Qualification track:
Certified Kubernetes Application Developer (CKAD)
Certified Backstage Associate (CBA)
(The missing child) - The Capability Plane
For me, there is one part missing in the reference and learning path, and that’s what is on the platform. I call it the Capability Plane. Because many things that we are implementing for the platform, are around and under the platform. Those have to be made available in the platform too. Those are reflected as features or capabilities of the platform provided to the platform user:
As you can see we can find again many pieces that we talked before about in security, networking or observability.
There are some aspects that are important to delve down on it:
Scale and Scheduling are core features of Kubernetes, but they need to be fine-tuned to your environments. On a cloud provider, a Karpenter comes in handy for optimizing the infrastructure. An application or serverless-aware framework might be useful, too. And a batch system like Volcano is in times of massive data and AI also very much needed.
All those need also the right integration of resources, and especially a good management and access control.
For me personally, the capability plane is what brings the value to the user. Because a platform consist of two layers:
the infrastructure, automation and integrations that are forming the platform
the services and capabilities that make the platform useful for the end user
People, Culture and Processes
A shameless plug at this point for my book Platform Engineering for Architects - Crafting modern platforms as a product.

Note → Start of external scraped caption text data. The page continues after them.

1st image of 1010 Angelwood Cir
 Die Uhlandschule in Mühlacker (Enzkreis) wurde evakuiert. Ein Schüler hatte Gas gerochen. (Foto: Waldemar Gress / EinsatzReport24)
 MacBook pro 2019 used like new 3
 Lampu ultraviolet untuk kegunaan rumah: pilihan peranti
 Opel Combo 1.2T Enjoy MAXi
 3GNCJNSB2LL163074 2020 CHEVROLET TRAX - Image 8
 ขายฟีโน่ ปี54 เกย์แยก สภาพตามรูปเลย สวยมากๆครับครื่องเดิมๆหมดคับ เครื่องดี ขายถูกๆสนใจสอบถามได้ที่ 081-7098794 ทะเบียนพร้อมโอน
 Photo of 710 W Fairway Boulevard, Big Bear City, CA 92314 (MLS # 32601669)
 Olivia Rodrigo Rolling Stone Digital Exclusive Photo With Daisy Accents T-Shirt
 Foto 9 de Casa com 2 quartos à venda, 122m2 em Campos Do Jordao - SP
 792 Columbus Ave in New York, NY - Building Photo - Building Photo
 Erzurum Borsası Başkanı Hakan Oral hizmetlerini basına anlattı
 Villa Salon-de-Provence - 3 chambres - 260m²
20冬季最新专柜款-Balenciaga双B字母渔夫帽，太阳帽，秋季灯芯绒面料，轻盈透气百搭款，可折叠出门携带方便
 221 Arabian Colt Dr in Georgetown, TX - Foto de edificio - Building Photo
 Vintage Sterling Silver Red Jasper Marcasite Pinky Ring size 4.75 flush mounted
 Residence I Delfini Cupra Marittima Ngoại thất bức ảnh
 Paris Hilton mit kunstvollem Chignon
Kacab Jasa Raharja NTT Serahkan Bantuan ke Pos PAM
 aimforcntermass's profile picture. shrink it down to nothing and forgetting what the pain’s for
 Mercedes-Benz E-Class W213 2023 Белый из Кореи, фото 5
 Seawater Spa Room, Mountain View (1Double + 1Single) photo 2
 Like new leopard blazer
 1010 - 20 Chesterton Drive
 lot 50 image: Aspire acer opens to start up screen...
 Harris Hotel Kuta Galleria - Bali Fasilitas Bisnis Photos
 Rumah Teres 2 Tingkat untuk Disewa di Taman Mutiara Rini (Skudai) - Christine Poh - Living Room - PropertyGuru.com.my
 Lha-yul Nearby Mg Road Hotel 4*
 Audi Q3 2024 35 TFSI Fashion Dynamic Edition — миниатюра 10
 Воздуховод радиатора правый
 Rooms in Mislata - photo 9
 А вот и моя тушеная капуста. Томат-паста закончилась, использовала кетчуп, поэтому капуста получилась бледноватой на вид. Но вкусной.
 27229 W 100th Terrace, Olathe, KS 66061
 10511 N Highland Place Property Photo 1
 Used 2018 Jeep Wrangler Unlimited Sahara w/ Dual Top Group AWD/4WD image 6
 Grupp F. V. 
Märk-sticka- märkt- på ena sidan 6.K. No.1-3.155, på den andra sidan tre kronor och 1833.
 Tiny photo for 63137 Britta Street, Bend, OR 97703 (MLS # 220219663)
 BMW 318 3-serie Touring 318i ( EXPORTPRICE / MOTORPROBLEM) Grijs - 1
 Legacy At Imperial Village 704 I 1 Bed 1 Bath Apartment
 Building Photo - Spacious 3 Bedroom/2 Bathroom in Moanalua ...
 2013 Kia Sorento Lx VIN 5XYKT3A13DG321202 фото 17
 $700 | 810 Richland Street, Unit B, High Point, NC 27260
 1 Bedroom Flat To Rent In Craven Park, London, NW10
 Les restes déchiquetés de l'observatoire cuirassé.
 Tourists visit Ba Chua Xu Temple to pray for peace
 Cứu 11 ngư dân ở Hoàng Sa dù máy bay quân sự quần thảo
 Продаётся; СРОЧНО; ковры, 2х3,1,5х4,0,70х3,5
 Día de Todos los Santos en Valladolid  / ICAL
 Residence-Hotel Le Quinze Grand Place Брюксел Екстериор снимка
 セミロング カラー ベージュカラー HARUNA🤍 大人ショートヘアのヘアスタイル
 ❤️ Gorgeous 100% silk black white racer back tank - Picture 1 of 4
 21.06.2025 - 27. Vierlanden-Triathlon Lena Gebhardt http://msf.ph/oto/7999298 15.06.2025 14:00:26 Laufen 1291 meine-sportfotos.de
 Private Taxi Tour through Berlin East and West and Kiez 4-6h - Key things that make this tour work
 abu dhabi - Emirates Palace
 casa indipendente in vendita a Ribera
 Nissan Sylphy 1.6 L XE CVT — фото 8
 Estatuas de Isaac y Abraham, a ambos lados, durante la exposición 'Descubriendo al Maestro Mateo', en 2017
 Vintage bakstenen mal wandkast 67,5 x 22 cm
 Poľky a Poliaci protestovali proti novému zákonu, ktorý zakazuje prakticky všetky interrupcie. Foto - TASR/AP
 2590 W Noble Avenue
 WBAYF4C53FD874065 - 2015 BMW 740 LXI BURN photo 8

We aimed to write a book that is timeless, focusing on every element of the platform engineering that will ensure its success, but without sticking to a specific technology.
Therefore, I will give here a rundown on the important parts:
A platform's purpose - don’t build a platform because it’s cool. A platform should fulfill a purpose, helping your organization to become better in its engineering journey and solve problems your developers, operations teams, DevOps etc are facing.
Defining principles will help you stay on track and not start with “Randomeering”
Before you target for an whole aircraft carrier size of complexity, start small and simple with the thinnest viable platform (TVP). Develop the one feature that will help one of your end user groups a lot.
You have to fight Conway's Law. Break it, change it, make it work for you.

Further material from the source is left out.